Ma il 2020 si è aperto nel peggiore dei modi per il settore dell'ospitalità - uno dei più bersagliati dal Covid - e, con le parziali riaperture delle scorse settimane, anche Il Borro prova a immaginare il proprio futuro. Ne ha parlato nella puntata di ieri di Prisma Fase 2, la trasmissione in diretta facebook di ArezzoNotizie, Salvatore Ferragamo, amministratore delegato del resort. Che ipotizza anche una data per la riapertura: "Stiamo lavorando per il 1° luglio. Però bisogna valutare l'andamento dei contagi: se continuerà il trend positivo, bene. Altrimenti bisognerà ripensare alla nostra ripartenza".

Tra gli argomenti di discussione, anche la fake news sulla riapertura delle frontiere italiane nel marzo 2021. "Abbiamo dovuto dare spiegazioni - ha detto Ferragamo - a chi ci chiedeva rassicurazioni, spiegando che si trattava di una bufala". Poi una riflessione sulle aree interne toscane, che potrebbero essere particolarmente gettonate nei prossimi mesi, rispetto ad altre destinazioni di vacanza come il mare. "Abbiamo un vantaggio: la nostra struttura è diffusa, più difficile da un punto di vista gestionale, ma il distanziamento sociale è favorito rispetto a un albergo con una serie di camere. Ad esempio, siamo già pronti a ricevere i primi ospiti nelle ville, dove c'è maggior spazio a disposizione, piuttosto che nelle abitazioni del borghetto medievale".
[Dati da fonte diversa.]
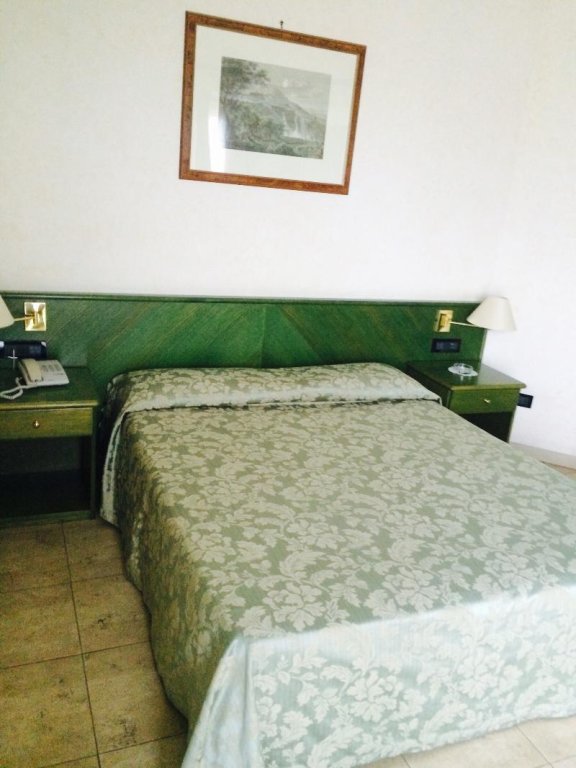 Standard Doppel Zimmer mit Balkon Park Hotel Imperatore Adriano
Sul futuro del turismo nelle campagne toscane, Ferragamo ripone fiducia. Soprattutto per la stagione 2021. "Adesso cerchiamo di comunicare il nostro paesaggio e il nostro territorio. Anche perché il Valdarno aretino è una zona ancora non troppo scoperta dal grande turismo internazionale. Il 2021 sarà cruciale per recuperare il danno economico del 2020. In ogni caso, cerco di essere positivo. E' il momento di reinventarci. Nella sfortuna, c'è un'opportunità. Ad esempio, io viaggio 150 giorni l'anno, per comunicare il nostro vino soprattutto. Ecco, ho scoperto che parte del mio lavoro posso farla anche da casa, grazie alle piattaforme video, grazie ai social. Credo che possiamo comunicare la Toscana in modo efficace con costi contenuti rispetto al passato".
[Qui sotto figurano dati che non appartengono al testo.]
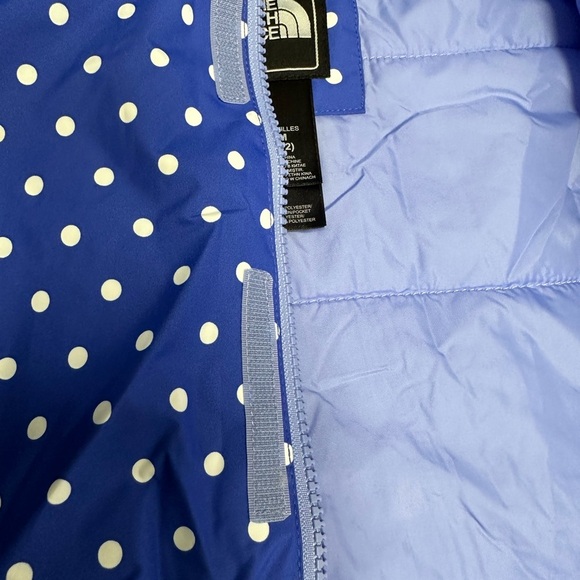 The North Face Kids Blue Polka Dot Jacket size M (10/12) inside is puffer - Picture 8 of 11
Al Borro c'è una cantina, ci sono vigneti, uliveti, frutteti, un orto. Si producono vino, olio, frutta e verdura. Il lockdowun non ha inficiato l'aspetto agricolo. "Non abbiamo avuto problemi nel portare avanti la cura della campagna e i raccolti saranno buoni. Ci siamo attrezzati per le consegne a domicilio. L'emergenza sanitaria ci ha fatto capire quale fosse la strada migliore da intraprendere sul fronte del commercio".

Più complicato, invece, capire come riorganizzare i ristoranti: al Borro ce ne sono due. "Abbiamo ridotto i coperti da 32 a 14. E poi le sanificazioni: grazie all'ozono riusciamo a igienizzare meglio e rapidamente rispetto ai prodotti tradizionali per la pulizia. Anche la ristorazione dovrà reinventarsi, ma non ci fermeremo. Abbiamo aperto il bistro del Borro a Firenze, a Dubai e adesso lo apriremo anche a Londra".
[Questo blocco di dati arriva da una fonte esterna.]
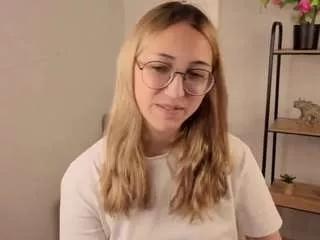 cheryl-johnson from CamSoda is Freechat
E alla domanda se anche il turismo affronterà cambiamenti radicali, risponde così: "L'esperienza deve essere fatta in loco, non può essere virtuale. Credo che la differenza tra le mete di destinazione potrà essere fatta sulla sicurezza. Mi auguro che ci siano in futuro enti che certifichino le sanificazioni".